In order to provide alternative means of livelihood to affected communities, the Agency also embarked on skill acquisition programmes. This became a succour to many people, among them young and old, both male and female. Skill acquisition centres were constructed and many were enrolled and have successfully finished the training.
These skills include tailoring, soap making and perfumes, as well as knitting. Each of the graduands were given starter-packs which became an initial capital to start their trade with. The starter-packs include sewing machine for tailors, knitting machines for those who learnt how to knit, as well as various chemicals and fragrances for those who learnt to make soaps and perfumes.
One of the most resounding activities of the Agency is rural clean energy scheme, where 4,455 solar-lightening systems were procured and distributed to homes and markets.
The Agency also procured and distributed over 6,300 wooden stoves to the villagers in order to discourage the cutting down of trees.

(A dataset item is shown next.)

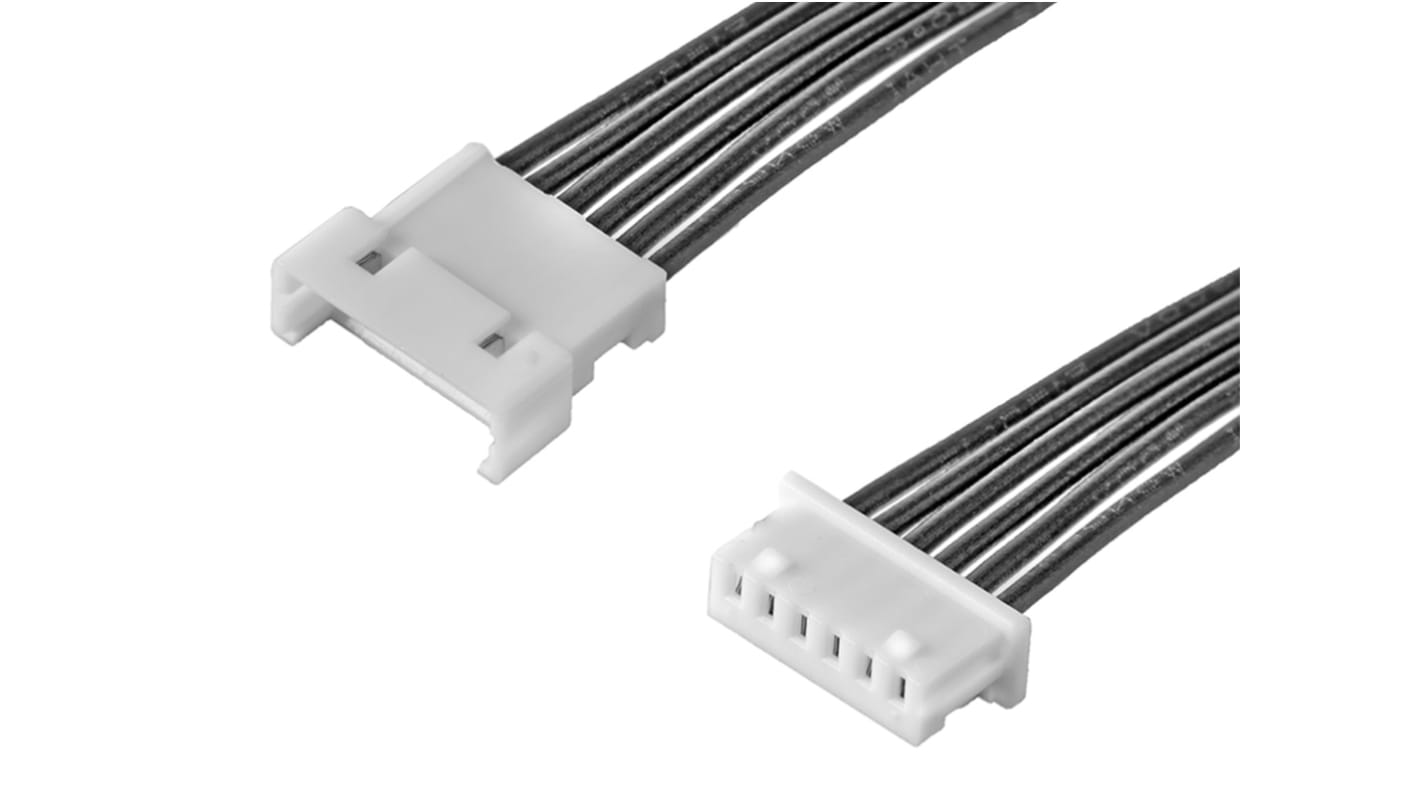 Conjunto de cables Molex PicoBlade 218113, long. 225mm, Con A: Hembra, 6 vías, Con B: Macho, 6 vías, paso 1.25mm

Seldom is any national project being monitored and evaluated to the letter like the projects under the National Agency for the Great Green Wall.
It is not only the Agency that carries out monitoring and evaluation of projects, but also civil society groups and the media, who travel around for weeks, monitoring specific projects.
Nigeria’s Great Green Wall Project is perhaps the best among all the African countries that started similar project.
•Mohammed, a development journalist and human social conflict researcher, is based in Abuja, Nigeria.